ASSIGNED TASK: No picture should appear in the copy. Transcribe exactly, and only, the lines from the one with "Vertical Stripes - White" through the last line of the data below.

GIVEN MATERIAL:
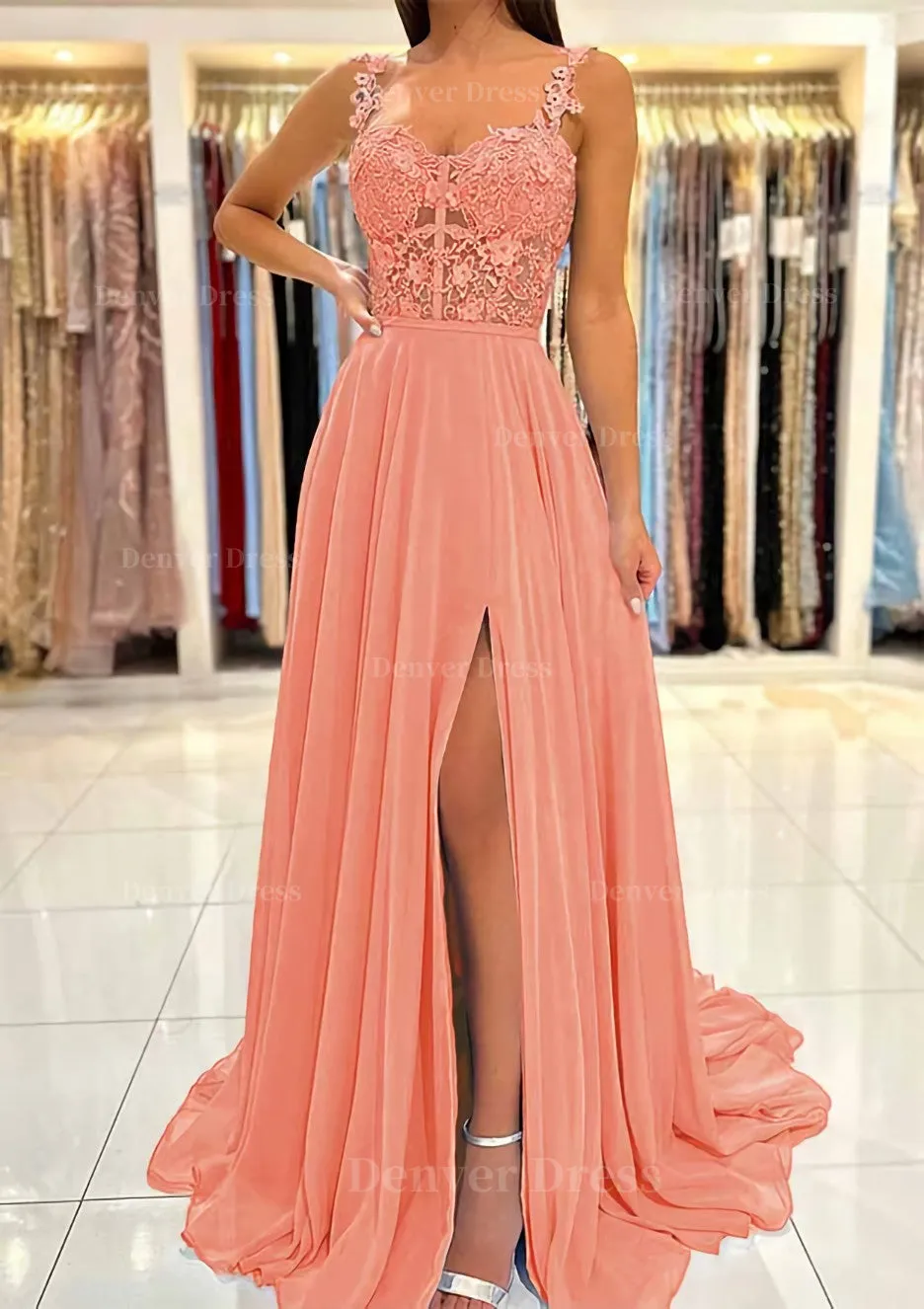 A-line Sweetheart Sleeveless Sweep Train Chiffon Prom Dress With Appliqued Split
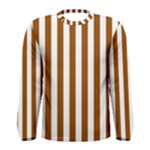 Vertical Stripes - White and Brown Men s Long Sleeve T-shirt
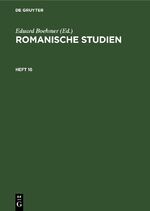 ISBN 9783112677018: Romanische Studien / Romanische Studien. Heft 16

YOUR SOLUTION:
 Vertical Stripes - White and Brown Men s Long Sleeve T-shirt
 ISBN 9783112677018: Romanische Studien / Romanische Studien. Heft 16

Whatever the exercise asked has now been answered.